» **DATA SECTION**:

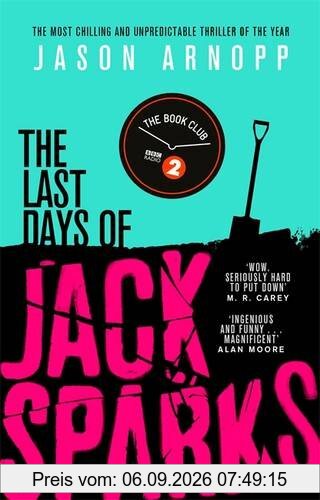 The Last Days of Jack Sparks
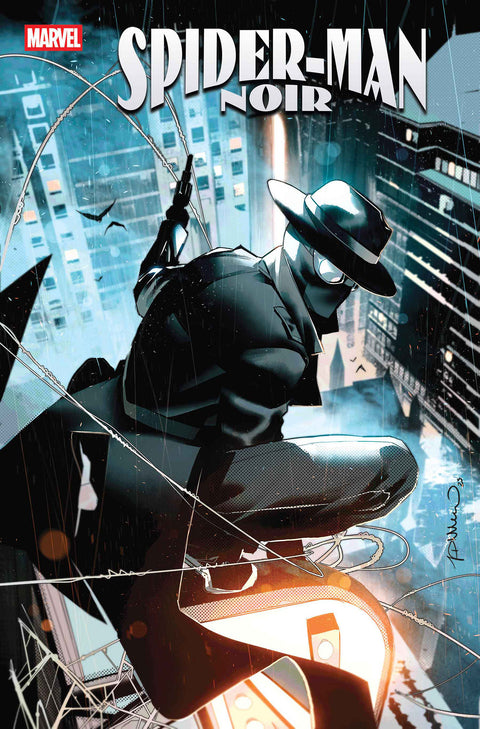 Spider-Man Noir, Vol. 3 1 Comic Simone Di Meo Marvel Comics 2025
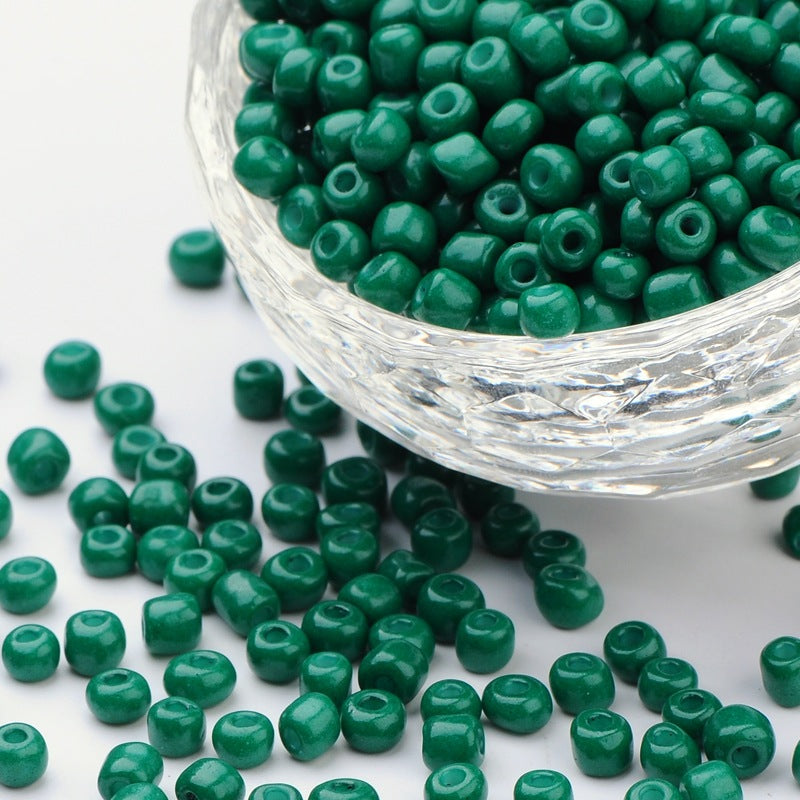 12/0 Baked On Colour – Bead Shack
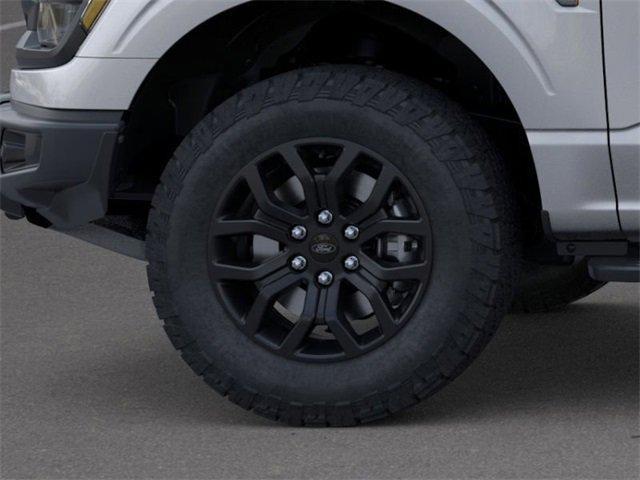 new 2025 Ford F-150 car, priced at $73,980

» **WHAT THIS TASK INVOLVES**:
The copy should match each line above exactly and contain no images.

» **TASK SOLUTION**:
 The Last Days of Jack Sparks
 Spider-Man Noir, Vol. 3 1 Comic Simone Di Meo Marvel Comics 2025
 12/0 Baked On Colour – Bead Shack
 new 2025 Ford F-150 car, priced at $73,980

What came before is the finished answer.